Americans have long used pro football trading cards as a way to remember and idolize their favorite players. Millions of people collect cards hoping that one day they will be worth loads of money, and also to remember all of the wonderful times they had watching games with friends and family long ago. The first football cards were sold in the 1890’s as promotional tools for tobacco companies, as they were included with a pack of cigarettes. Because the NFL was not yet existent, the cards featured the 35 best players from the top college football schools of the era, Harvard, Princeton, and Yale.
Pro football cards are similar to those of other sports in that the player’s picture, usually in an action symbolic of his position, is on the front, with the back including their statistics and career achievements. There are several things that contribute to a card’s value, including a player’s popularity, his overall level of success, and the card’s condition. If a player wins a Super Bowl, MVP, is selected for a Pro Bowl, or is in his “rookie” season, the card can become much more valuable.
Pro football trading cards, unlike pro baseball cards, are not nearly as popular among the sport’s fans nor are they collected at as early an age. Thus, it makes sense that the cards are most often bought, sold, and traded in areas in and around those where pro football teams are located. Most individuals do not worry about amassing huge, incredibly valuable collections of cards, but rather focus on obtaining a few of their favorite teams and players, especially during years of unusual or consistent success.

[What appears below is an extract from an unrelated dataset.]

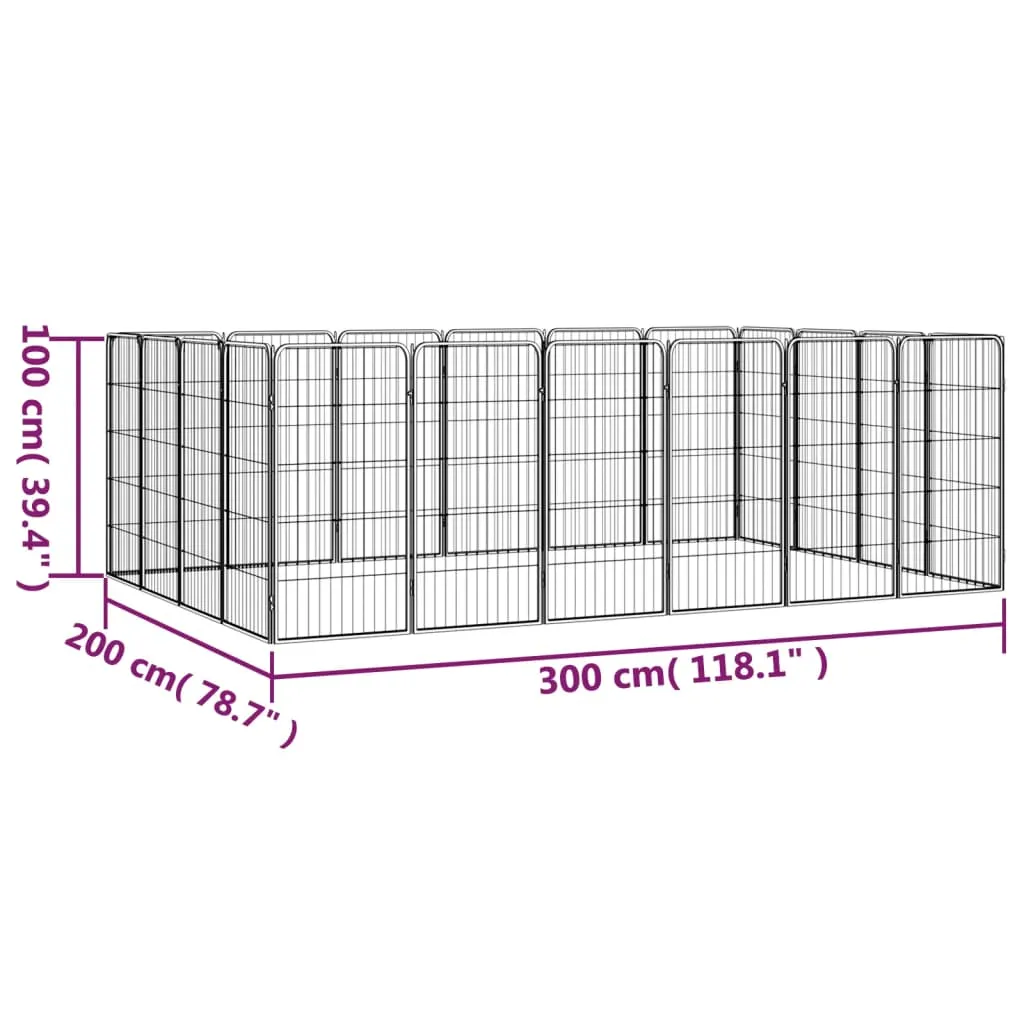 vidaXL 20-Panel Dog Playpen Black 50x100 cm Powder-coated Steel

Because card printing technology was not as technologically advanced before 1980, cards produced before that year are significantly more valuable than those made after that date. Because a card’s condition weighs heavily on its value, most collectors keep their cards safe in plastic protectors, ranging from 3 x 3 plastic sheet holders that fit in a binder, to smaller individual holders for more valuable cards.
Because football is more popular than baseball, and less people have pro football trading cards than baseball cards, many people speculate that they have the potential to become much more valuable. However, most cards show the players in action and wearing their helmets, making it difficult for most people to recognize players outside of a select few superstars, thus discouraging cards from becoming incredibly valuable.